Chapter 13: The Biafar heathen,   pp. 1-6 ff.


Page 4

4.   (


Before we go on to discuss the fertility of the land, let us
pause to answer those who ask why, in the same zone and on the same
parallel, there are blacks in some parts but not in others. Some say
that this arises from features of the land, the heat of the sun and
influences of the heavens, which may modify the special qualities of
of the earth imposed by God on certain places at the beginning of the
world. This is why we are inclined to say that in the course of time
the first men became light or dark on account of the (differing)
features of the earth and the heat of the sun, and their children /IF43|
afterwards inherited this from them. In the same way it can be under-
stood why some men have curly hair and others not. This will suffice
towards a full understanding of the character of localities and of
those who inhabit them.
Now let us discuss the fertility of the land. It is the same as
is general throughout Guinea, although there is little rice; the staple
foodstuff, funde, together with milho branco (white millet) and
massaroca, both very healthy foods, being more common.
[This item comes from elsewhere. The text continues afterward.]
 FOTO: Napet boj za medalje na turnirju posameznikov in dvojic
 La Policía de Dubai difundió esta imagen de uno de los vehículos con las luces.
The earthcrops
(d)
are yams and macarras.     Varying quantities of these are grown,
depending on the skill of the inhabitants, some of whom are very hard-
working as well as being well-disposed. It has been claimed that the
people of Biafar are outstanding in this latter respect, which might be
gathered from what the Lord has written upon their physical features,
for this people has the most handsome features throughout West Ethiopia.
To contemplate the bearing, tue smile, the dignity and the fine physical
proportions of a Biafar, coupled with his mildness of character and his
devotion to the person who brought him up, gives one much to think
about. It is astonishing how forgetful they are, in their own land,
regarding their parents and relatives, who are shadowy figures in their
recollection compared with those they recognise (as their guardians)
and under whose authority they find themselves. I myself was greatly
struck by the attitude of a young boy whom I brought up in Serra Leoa.
Whenever I encouraged him, out of love for his motherland, to speak
about the succession to the kingdom, a matter which might some day
involve him as he was the son of a very important individual, his reply
was always exactly the same, that to him his motherland and his kingdom
were myself and the (other) padres. My experience of him matched this
answer, for I found him completely trustworthy in matters of moment and


(d) Pumpkins, beans, a few bananas.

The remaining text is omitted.